**WORK REQUEST**
All that is wanted is the line with "Scarpe Casual di" and each line after it to the end of the data below, set down exactly and without pictures.

**SUPPLIED INFORMATION**
- - - - -

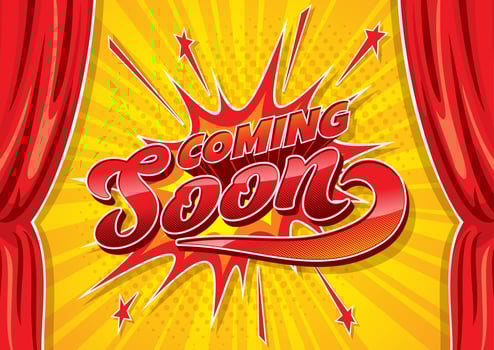 Coming soon cartoon banner with stage red curtains vector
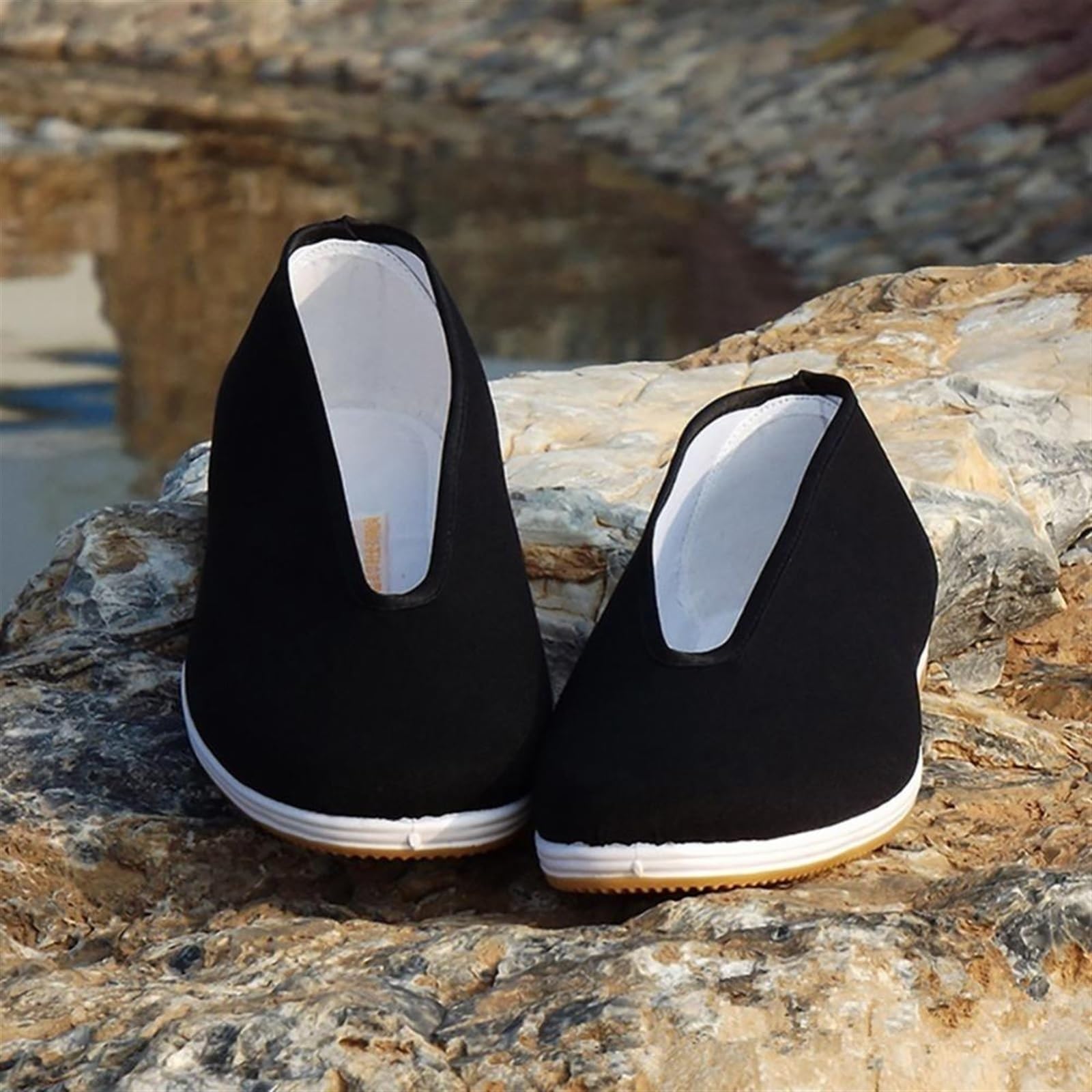 Scarpe Casual di Stoffa Nera della Vecchia Pechino, Scarpe da Ginnastica da Allenamento per Arti Marziali Kung Fu Tai Chi Pantofole con Suola in Gomma Morbida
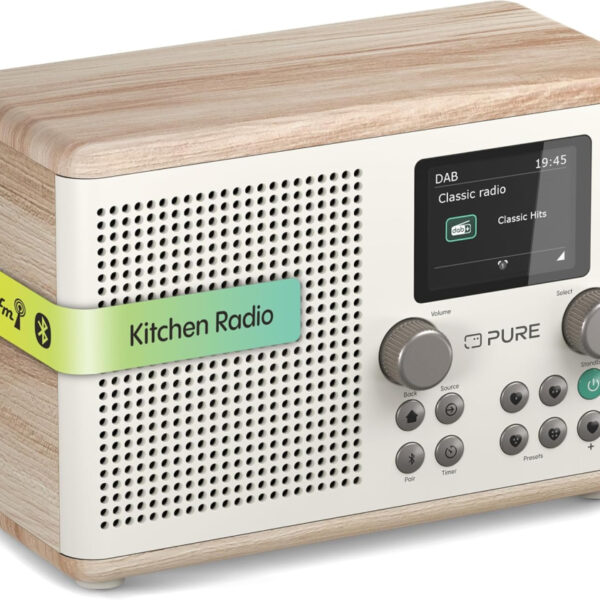 Pure Classic H4 Digital Kitchen Radio (DAB+/FM, Bluetooth, USB, AUX, Kitchen Timer, Alarm), Cotton White/Oak
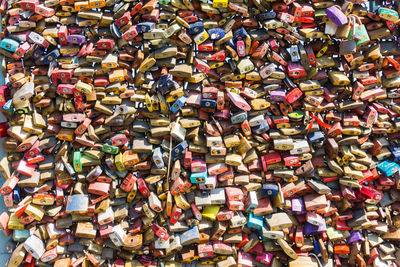 Full frame shot of padlocks on railing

- - - - -

**RESULT OF THE EXERCISE**
 Scarpe Casual di Stoffa Nera della Vecchia Pechino, Scarpe da Ginnastica da Allenamento per Arti Marziali Kung Fu Tai Chi Pantofole con Suola in Gomma Morbida
 Pure Classic H4 Digital Kitchen Radio (DAB+/FM, Bluetooth, USB, AUX, Kitchen Timer, Alarm), Cotton White/Oak
 Full frame shot of padlocks on railing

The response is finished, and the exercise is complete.